(Stored data entries)
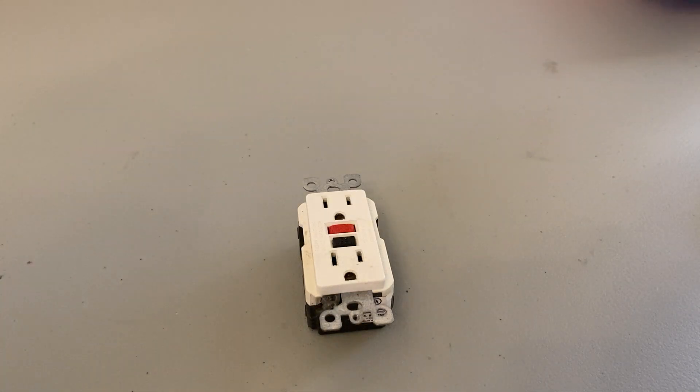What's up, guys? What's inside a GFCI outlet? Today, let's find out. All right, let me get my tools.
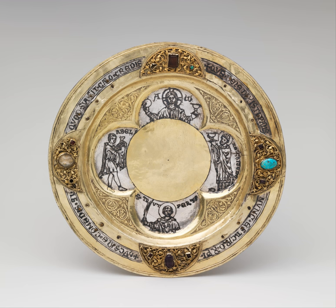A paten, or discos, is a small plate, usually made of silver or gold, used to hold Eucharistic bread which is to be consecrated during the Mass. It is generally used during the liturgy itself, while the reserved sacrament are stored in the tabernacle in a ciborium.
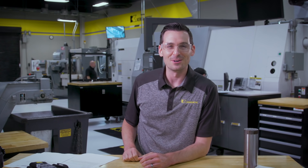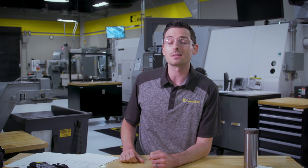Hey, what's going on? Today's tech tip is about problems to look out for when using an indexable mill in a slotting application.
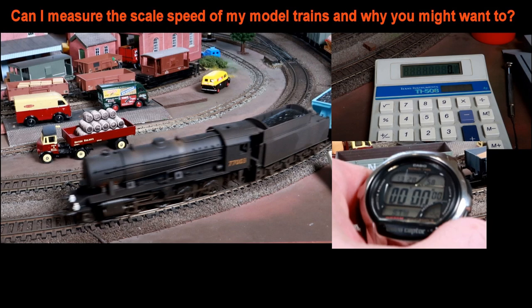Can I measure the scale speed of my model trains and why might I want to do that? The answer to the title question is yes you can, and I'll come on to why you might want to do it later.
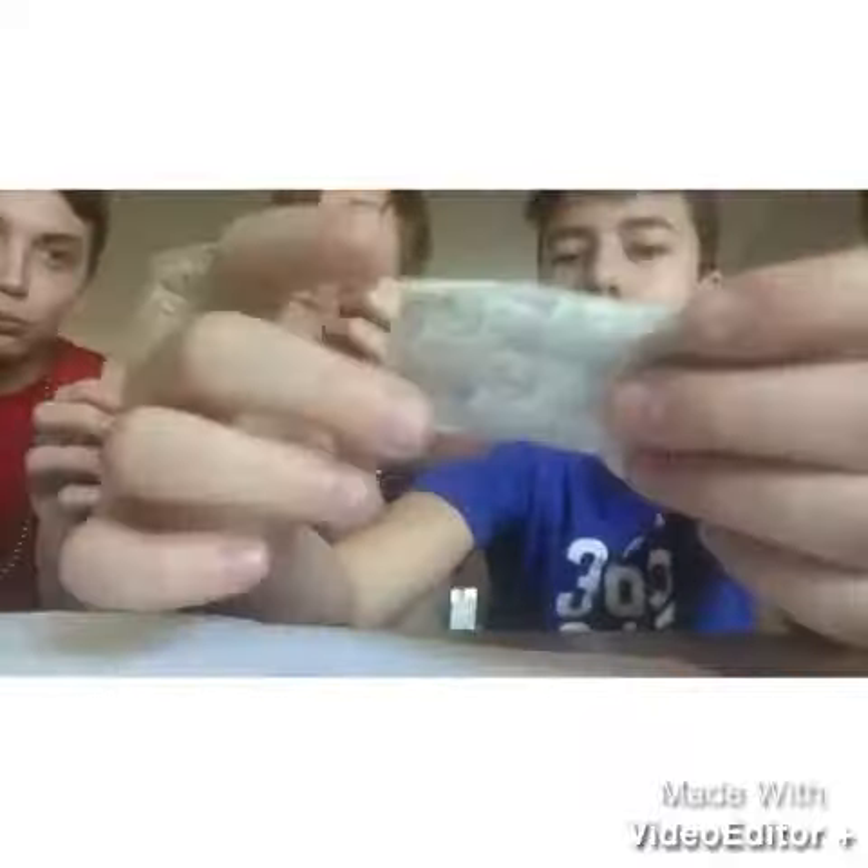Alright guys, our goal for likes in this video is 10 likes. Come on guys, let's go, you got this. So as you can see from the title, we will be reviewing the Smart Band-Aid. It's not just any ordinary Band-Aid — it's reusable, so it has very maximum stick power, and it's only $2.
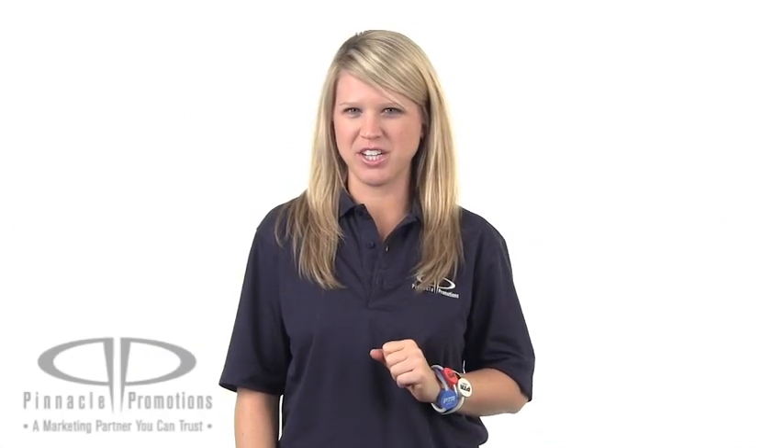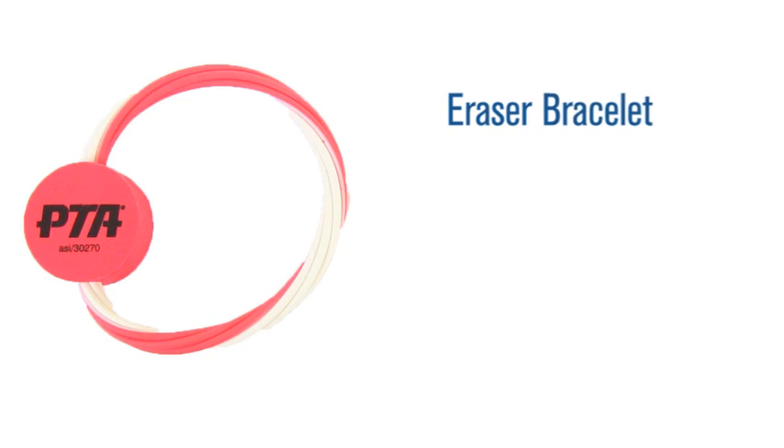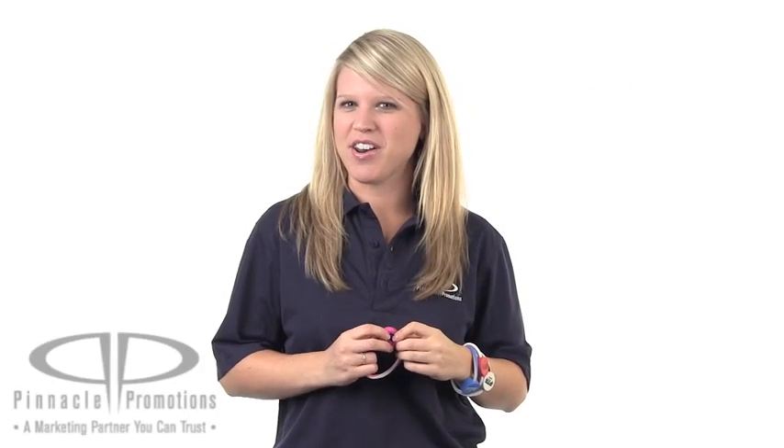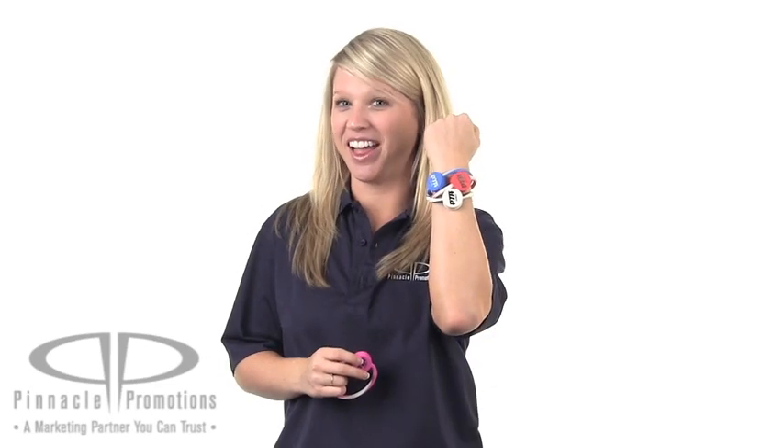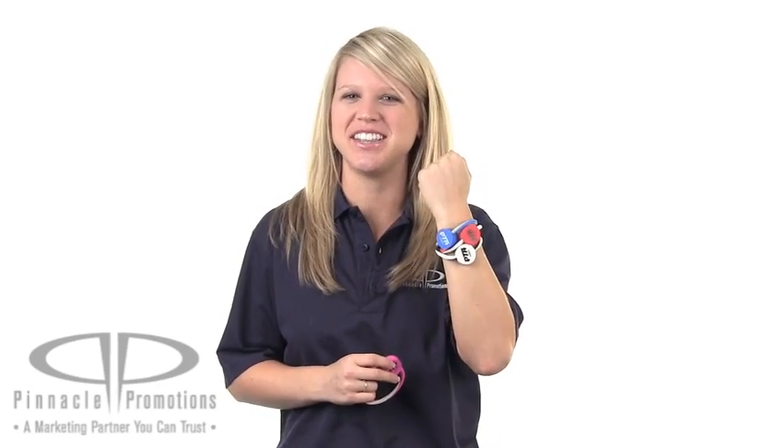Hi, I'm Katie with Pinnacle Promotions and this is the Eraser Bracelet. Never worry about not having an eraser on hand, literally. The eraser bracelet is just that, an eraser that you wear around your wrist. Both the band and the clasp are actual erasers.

What you should do ::
Your reply is the full set of entries reproduced exactly, with images omitted.

Reply ::
What's up, guys? What's inside a GFCI outlet? Today, let's find out. All right, let me get my tools.
A paten, or discos, is a small plate, usually made of silver or gold, used to hold Eucharistic bread which is to be consecrated during the Mass. It is generally used during the liturgy itself, while the reserved sacrament are stored in the tabernacle in a ciborium.
Hey, what's going on? Today's tech tip is about problems to look out for when using an indexable mill in a slotting application.
Can I measure the scale speed of my model trains and why might I want to do that? The answer to the title question is yes you can, and I'll come on to why you might want to do it later.
Alright guys, our goal for likes in this video is 10 likes. Come on guys, let's go, you got this. So as you can see from the title, we will be reviewing the Smart Band-Aid. It's not just any ordinary Band-Aid — it's reusable, so it has very maximum stick power, and it's only $2.
Hi, I'm Katie with Pinnacle Promotions and this is the Eraser Bracelet. Never worry about not having an eraser on hand, literally. The eraser bracelet is just that, an eraser that you wear around your wrist. Both the band and the clasp are actual erasers.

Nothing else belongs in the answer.